Surfaces and interfaces play a crucial role in materials science. They have been the subject of research at LGF for many years. This is particularly true within the SURF team, but not exclusively: surfaces and interfaces are present as concepts or physical objects in all four of our teams. The “Surfaces and Interfaces” theme is organized around three main areas.
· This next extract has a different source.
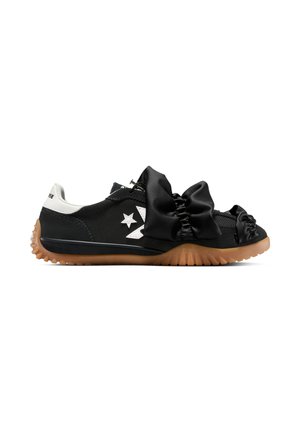 Zapatilla negra de perfil bajo con logo blanco, detalles de tela negra fruncida en la parte superior, lengüeta blanca en el talón y suela estriada color goma.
Role of Surfaces and Interfaces in Material Durability
A surface can be defined as the boundary between the material and the external environment. It is therefore the primary site for degradation mechanisms, such as aqueous corrosion, high-temperature oxidation, or hydrogen embrittlement for metallic materials. Similarly, grain boundaries can constitute “weak points” in metallic materials, particularly in the presence of segregations, leading to intergranular fractures under certain thermomechanical stresses. Understanding and modeling degradation phenomena related to surfaces and interfaces constitute one of LGF’s core competencies.
In parallel with this approach of understanding and modeling, and in collaboration with our Lyon-Saint-Etienne partners, we have recently initiated a surface engineering approach aimed at counteracting degradation phenomena. Examples include the Surfadur project (collaboration with ENISE-LTDS), supported by LABEX MANUTECH SISE, which aims to limit stress corrosion cracking of stainless steel through mechanical surface treatment by burnishing, or the Hytex project (collaboration with UJM-LaHC), funded by EUR SLEIGHT, whose objective is to limit hydrogen uptake in metallic materials through laser surface texturing.
Modeling the Role of Surfaces and Interfaces in Material Processing Techniques
Considering surface and interface effects is essential for modeling certain material processing techniques. Without being exhaustive, this is particularly true in the following cases, which are currently being researched at LGF:
- Effect of surface and interface tension on the development of structural composites by resin infusion,
- Role of surface and interface diffusion in the sintering of ceramic materials by microwave heating,
- Impact of grain-to-grain surface interactions on the rheological properties of powders.
Methodological Developments
LGF develops experimental methodologies for characterizing surfaces and interfaces in materials. This activity is primarily organized around the following three areas:
- Quantitative methods for chemical analysis of surfaces and interfaces in materials by XPS, Auger, and STEM-EDX,
- Methods for the micromechanical study of surfaces and interfaces (nano-indentation, mechanical tests on micropillars or microbeams, grain-grain interaction measurements by AFM),
- Optical methods for characterizing colors and visual rendering.
We also develop surface treatment methods for visual rendering: colored anodization, surface texturing.